Merge branch 'master' into anti-scraping-revamp

mstephen19 · mstephen19 · commit 97ee4407e2d3 · 2022-06-08T14:23:21.000+02:00
diff --git a/content/academy/api_scraping.md b/content/academy/api_scraping.md
@@ -43,7 +43,7 @@ Especially for [dynamic sites](https://blog.apify.com/what-is-a-dynamic-page/),
 
 ### 4. Easy on the target website
 
-Depending on the website, sending large amounts of requests to their pages could result in a slight performance decrase on their end. By using their API instead, not only does your scraper run better, but it is less demanding of the target website.
+Depending on the website, sending large amounts of requests to their pages could result in a slight performance decrease on their end. By using their API instead, not only does your scraper run better, but it is less demanding of the target website.
 
 ## [](#disadvantages) Disdvantages of API Scraping
 
@@ -65,7 +65,7 @@ APIs come in all different shapes and sizes. That means every API will vary in n
 
 JSON responses are the most ideal, as they are easily manipulatable in JavaScript code. In general, no serious parsing is necessary, and the data can be easily filtered and formatted to fit a scraper's output schema.
 
-APIs which ouput HTML are generally returning the raw HTML of a small component of the page which is already hydrated with data. In these cases, it is still worth using the API, as it is still more efficient than making a request to the entire page; even though the data does still need to be parsed from the HTML response.
+APIs which output HTML are generally returning the raw HTML of a small component of the page which is already hydrated with data. In these cases, it is still worth using the API, as it is still more efficient than making a request to the entire page; even though the data does still need to be parsed from the HTML response.
 
 ### 2. Encoded data
 
diff --git a/content/academy/api_scraping/general_api_scraping/cookies_headers_tokens.md b/content/academy/api_scraping/general_api_scraping/cookies_headers_tokens.md
@@ -10,7 +10,7 @@ paths:
 
 Unfortunately, most APIs will require a valid cookie to be included in the `cookie` field within a request's headers in order to be authorized. Other APIs may require special tokens, or other data that validates the request.
 
-Luckily, there are ways to retrive and set cookies for requests prior to sending them, which will be covered more in-depth within future Scraping Academy modules. The most important things to know at the moment are:
+Luckily, there are ways to retrieve and set cookies for requests prior to sending them, which will be covered more in-depth within future Scraping Academy modules. The most important things to know at the moment are:
 
 ## [](#cookies) Cookies
 
@@ -88,7 +88,7 @@ const response = await gotScraping({
 
 For our SoundCloud example, testing the endpoint from the previous section in a tool like [Postman]({{@link tools/postman.md}}) works perfectly, and returns the data we want; however, when the `client_id` parameter is removed, we receive a **401 Unauthorized** error. Luckily, the Client ID is the same for every user, which means that it is not tied to a session or an IP address (this is based on our own observations and tests). The big downfall is that the token being used by SoundCloud changes every few weeks, so it shouldn't be hardcoded. This case is actually quite common, and is not only seen with SoundCloud.
 
-Ideally, this `client_id` should be scraped dynamically, especially since it changes frequently, but unfortunately, the token cannot be found anywhere on SoundCloud's pages. We already know that it's available within the parameters of certain requests though, and luckily, [Puppeteer](https://github.com/puppeteer/puppeteer) offers a simple way to analyze each response when on a page. It's a bit like using browser DevTools, which you are already familiar with by now, but programatically instead.

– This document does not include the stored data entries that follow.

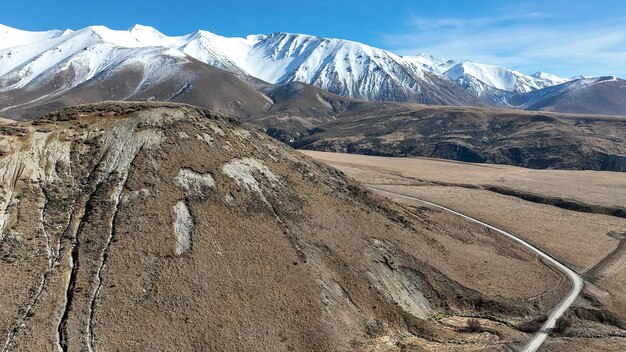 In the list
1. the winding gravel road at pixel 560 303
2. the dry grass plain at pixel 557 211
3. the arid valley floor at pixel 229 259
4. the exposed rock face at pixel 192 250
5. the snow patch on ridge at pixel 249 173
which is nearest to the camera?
the exposed rock face at pixel 192 250

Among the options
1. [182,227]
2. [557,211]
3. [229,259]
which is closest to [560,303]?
[229,259]

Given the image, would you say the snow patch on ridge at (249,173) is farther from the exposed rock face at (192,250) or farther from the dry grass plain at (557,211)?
the dry grass plain at (557,211)

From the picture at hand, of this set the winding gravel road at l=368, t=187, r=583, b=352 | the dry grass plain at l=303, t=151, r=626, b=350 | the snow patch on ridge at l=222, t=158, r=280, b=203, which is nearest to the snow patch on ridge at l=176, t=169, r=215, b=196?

+Ideally, this `client_id` should be scraped dynamically, especially since it changes frequently, but unfortunately, the token cannot be found anywhere on SoundCloud's pages. We already know that it's available within the parameters of certain requests though, and luckily, [Puppeteer](https://github.com/puppeteer/puppeteer) offers a simple way to analyze each response when on a page. It's a bit like using browser DevTools, which you are already familiar with by now, but programmatically instead.
 
 Here is a way you could dynamically scrape the `client_id` using Puppeteer:
 
diff --git a/content/academy/api_scraping/graphql_scraping.md b/content/academy/api_scraping/graphql_scraping.md
@@ -16,7 +16,7 @@ In this section, we'll be scraping [cheddar.com](https://cheddar.com)'s GraphQL
 
 ![GraphQL endpoint]({{@asset api_scraping/images/graphql-endpoint.webp}})
 
-As a rule of thumb, when the endpoint ends with **/graphql** and it's a **POST** request, it's a 99.99% bulleproof indicator that the target site is using GraphQL. If you want to be 100% certain though, taking a look at the request payload will most definitely give it away.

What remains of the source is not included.